Member of the National Assembly for Val-d'Oise's 3rd constituency
- In office 21 June 2017 – 9 June 2024
- Preceded by: Jean-Noël Carpentier
- Succeeded by: Emmanuel Maurel

Personal details
- Born: 21 April 1974 (age 51) Paris, France
- Party: En Commun Renaissance Movement of Progressives (2017-2019)
- Profession: Teacher

= Cécile Rilhac =

French politician

Cécile Rilhac (born 21 April 1974) is a French politician of Renaissance (RE) who has been serving as a member of the French National Assembly between 2017 and 2024, representing the department of Val-d'Oise.

==Political career==
In Parliament, Rilhac serves on the Committee on Cultural Affairs and Education. In addition to her committee assignments, she is part of the French-Algerian Parliamentary Friendship Group.

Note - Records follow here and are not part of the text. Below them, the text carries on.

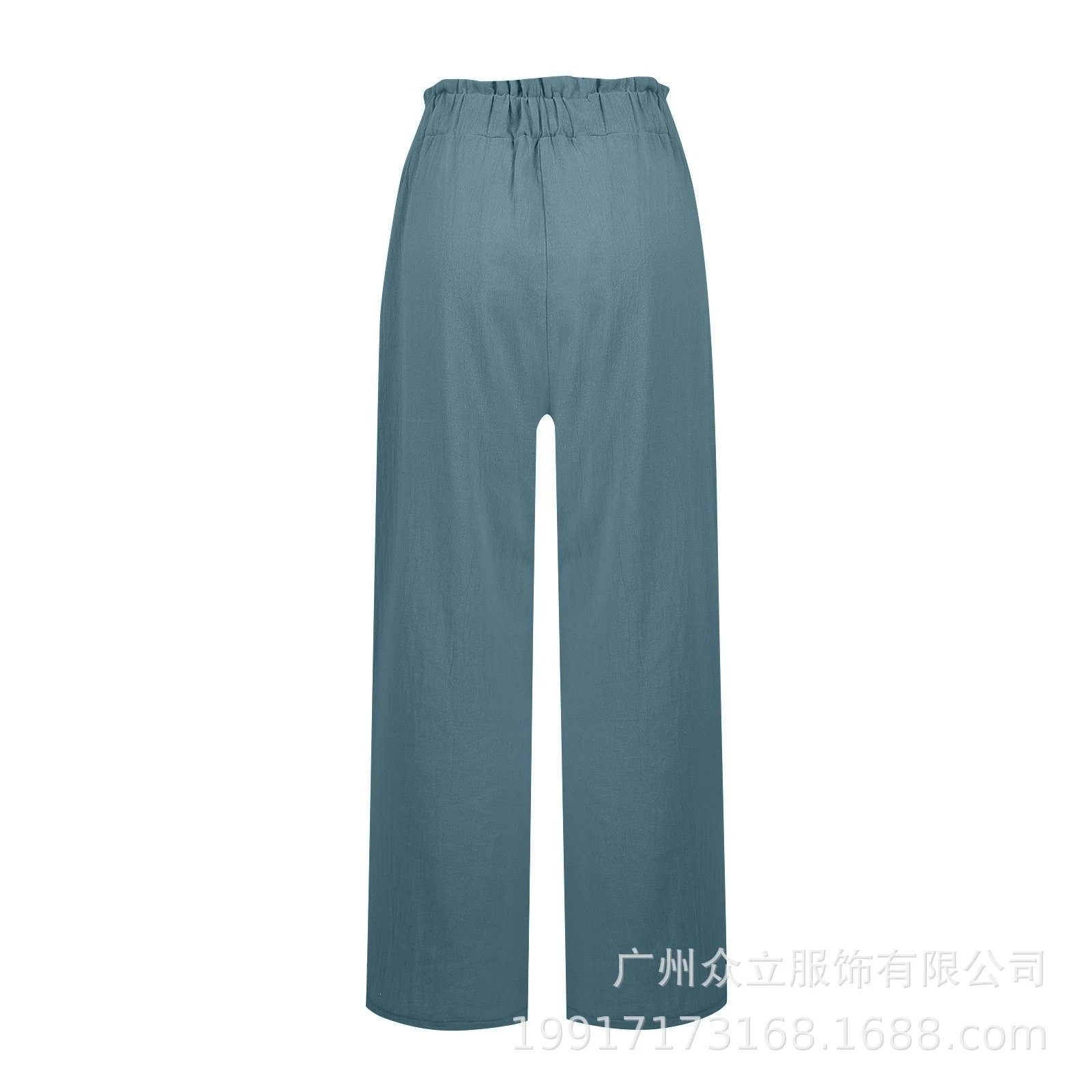 Design Wide-Leg Elastic Waist Pants Olive Green - 21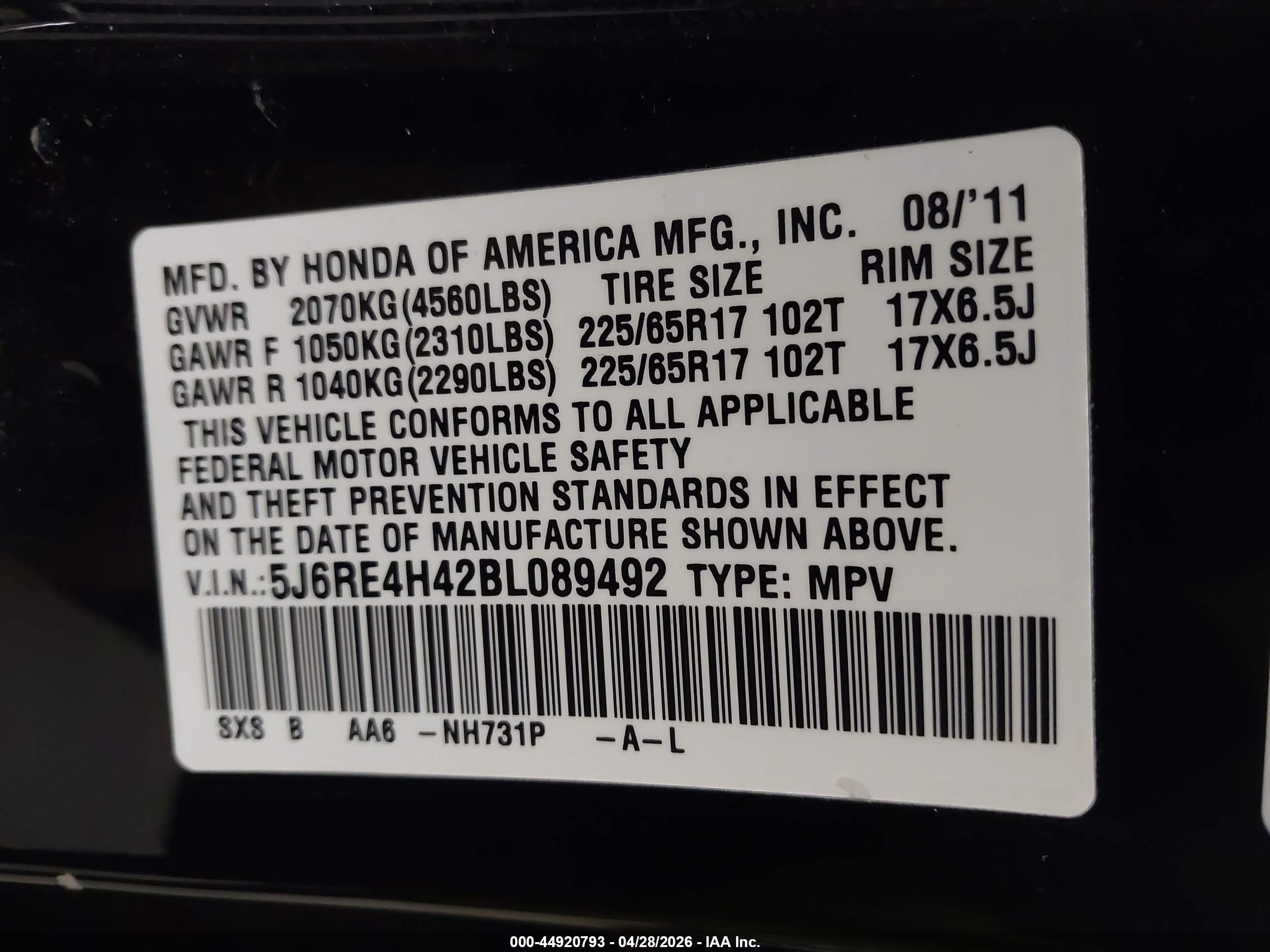2011 Honda Cr-v Se Black vin: 5J6RE4H42BL089492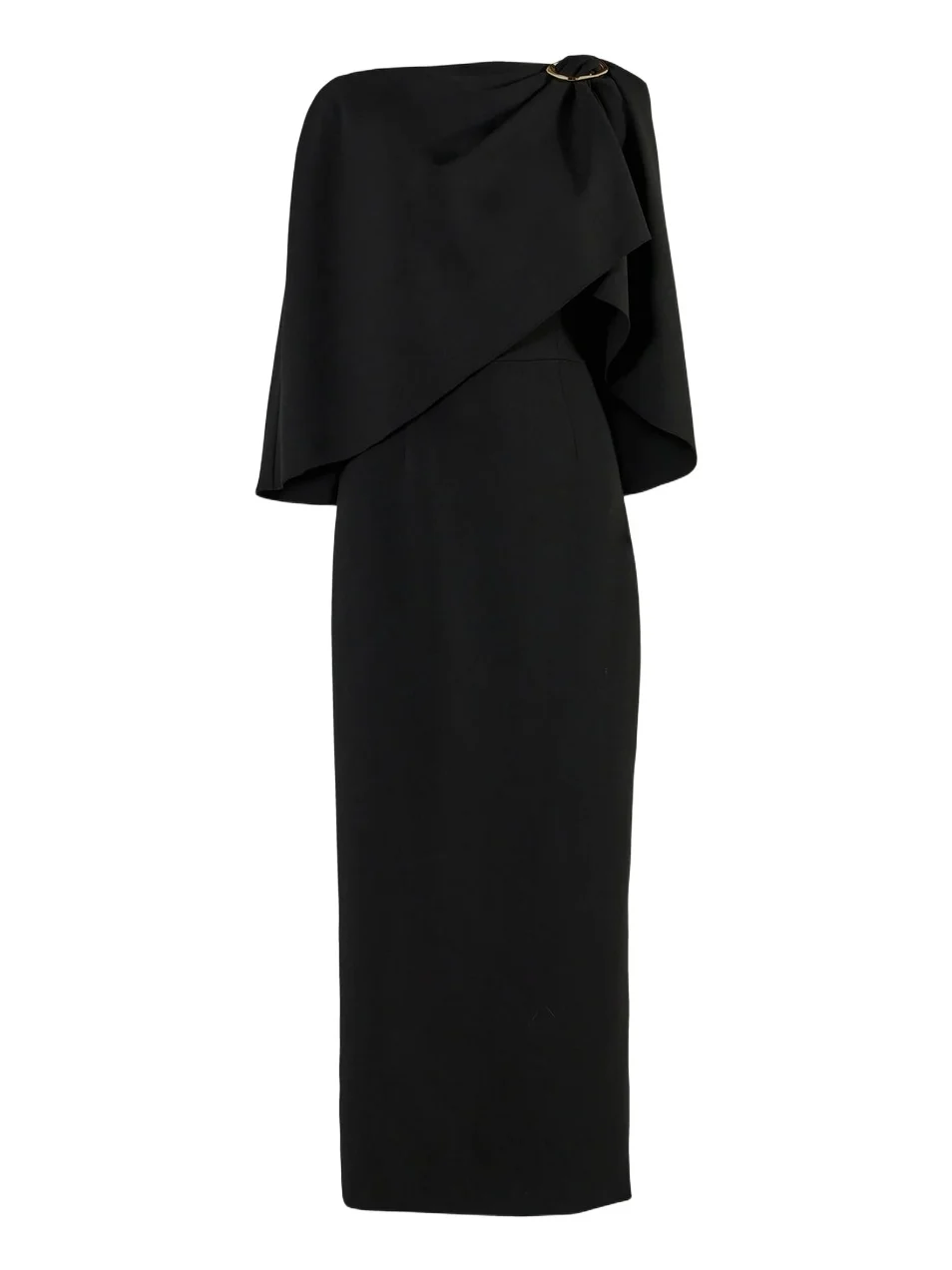 Carolina Herrera Women's Stretch Virgin-Wool Draped Cape Midi Dress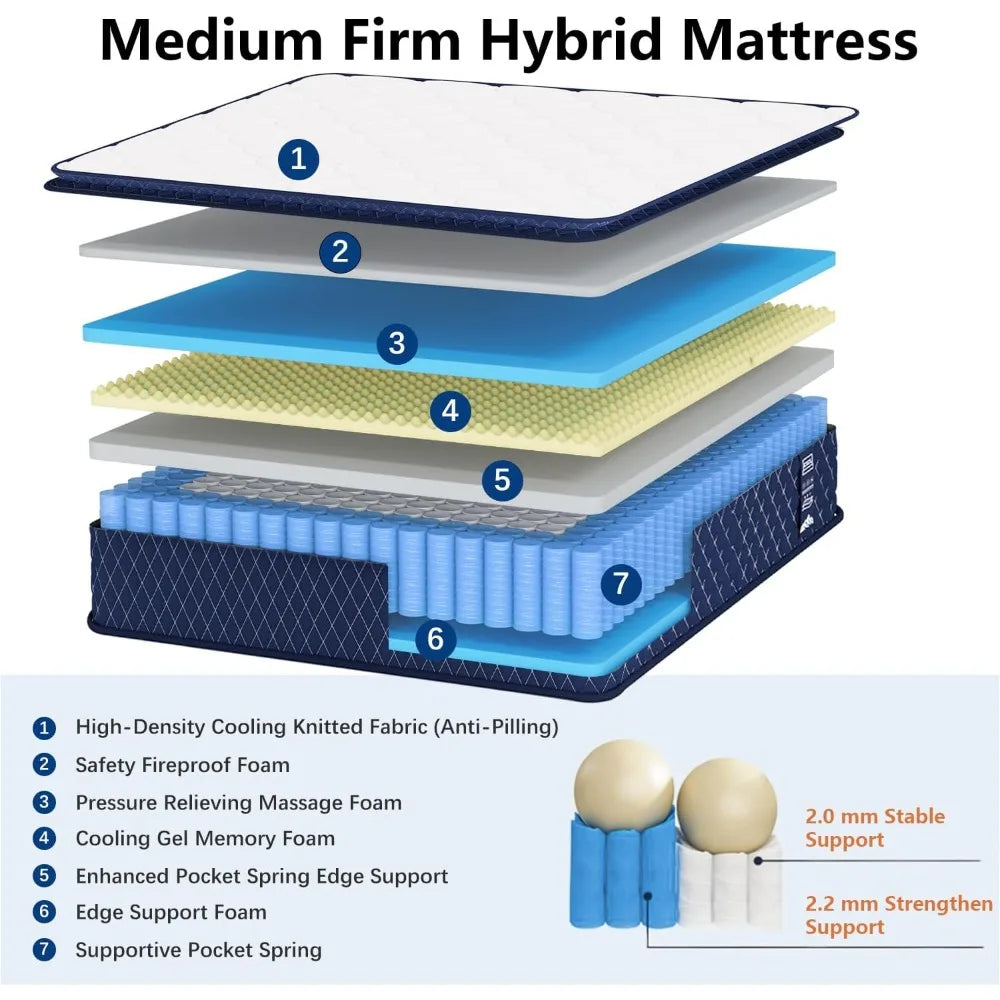 King Mattress 12 Inch, Memory Foam Hybrid King Size Mattress in a Box with Independent Spring, Medium Firm, Edge Support & Press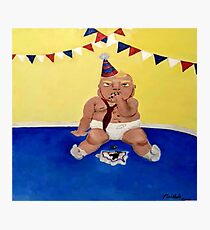 Chocolate cake w/ Vanilla Icing Painting Photographic Print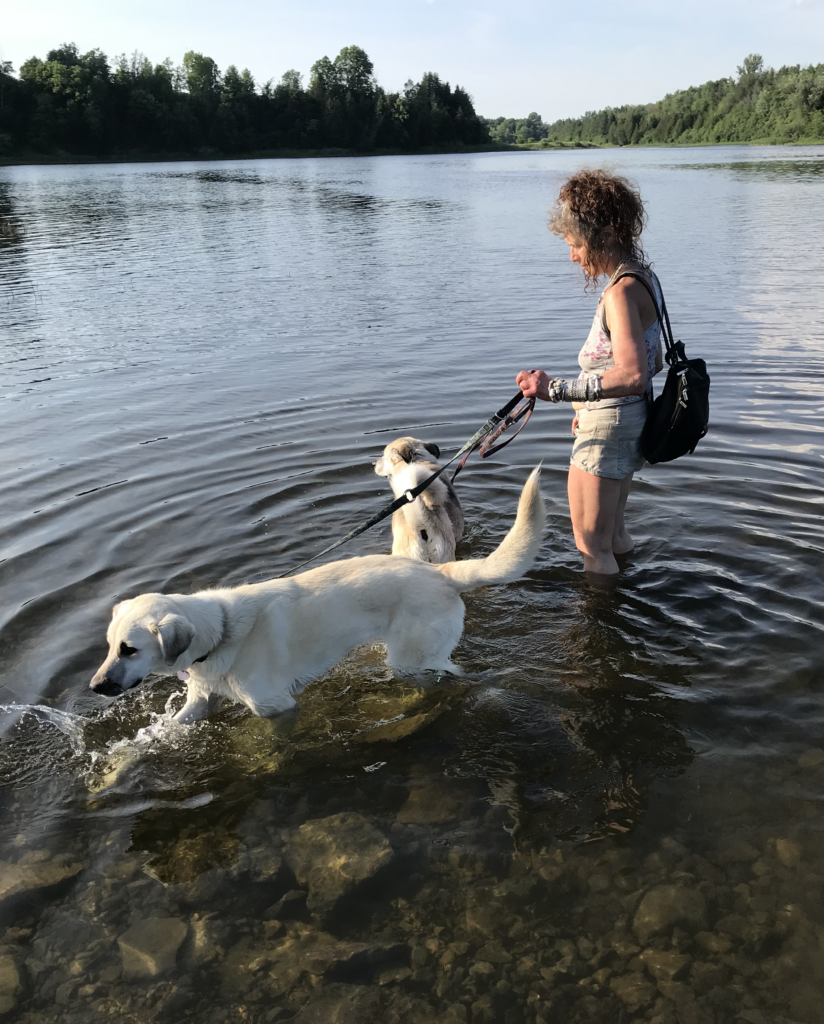 Lily's first time in the water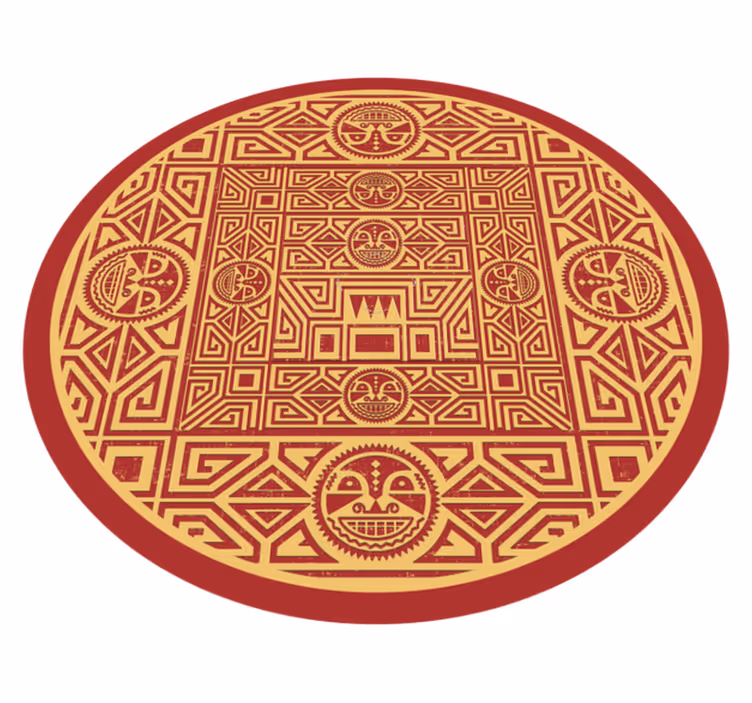 Tribal Mandala mandala vinyl rug - TenStickers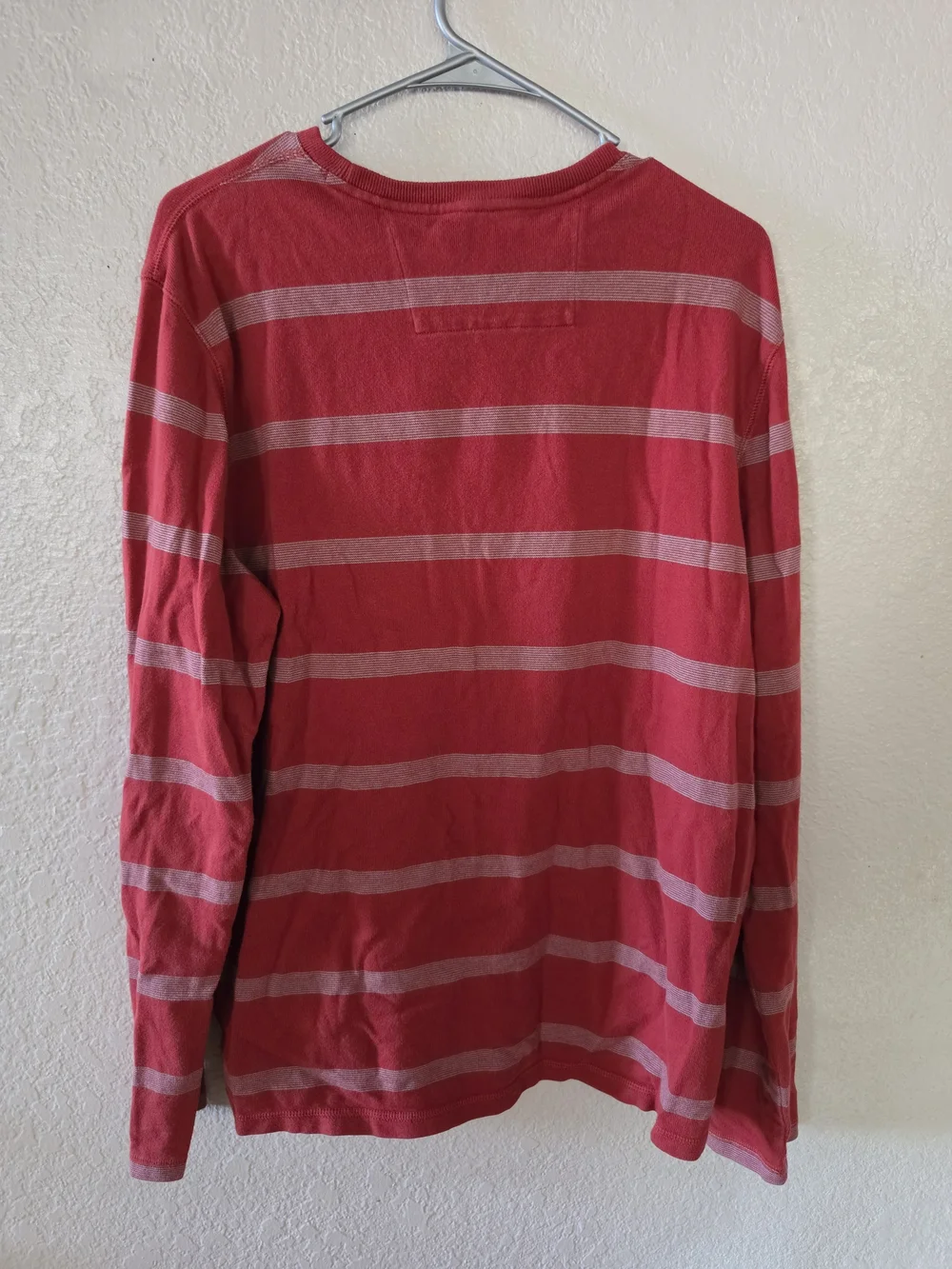 Men's Red Striped Long-Sleeve Shirt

In 2020, Rilhac joined En Commun (EC), a group within LREM led by Barbara Pompili. In 2023, she left the Renaissance group, together with Pompili, Mireille Clapot and Stella Dupont.

==Political positions==
===Domestic policy===
In June 2019, Rilhac was one of four members of the LREM parliamentary group who joined a cross-party initiative to legalization, the distribution and use of cannabis. Along with four other LREM members – Coralie Dubost, Jean-Michel Mis, Stéphane Trompille, and Éric Bothorel –, she disassociated herself from their colleague Aurore Bergé when the latter announced her intention in October 2019 to vote for a Republican draft law banning the wearing of the hijab by women accompanying groups of students on school outings.

In 2020, Rilhac was one of ten LREM members who voted against her parliamentary group's majority and opposed a much discussed security bill drafted by her colleagues Alice Thourot and Jean-Michel Fauvergue that helps, among other measures, curtail the filming of police forces.

===Foreign policy===
In 2018, Rilhac joined other co-signatories around Sébastien Nadot in officially filing a request for a commission of inquiry into the legality of French weapons sales to the Saudi-led coalition fighting in Yemen, days before an official visit of Saudi Crown Prince Mohammed bin Salman to Paris.

In July 2019, Rilhac voted in favor of the French ratification of the European Union’s Comprehensive Economic and Trade Agreement (CETA) with Canada.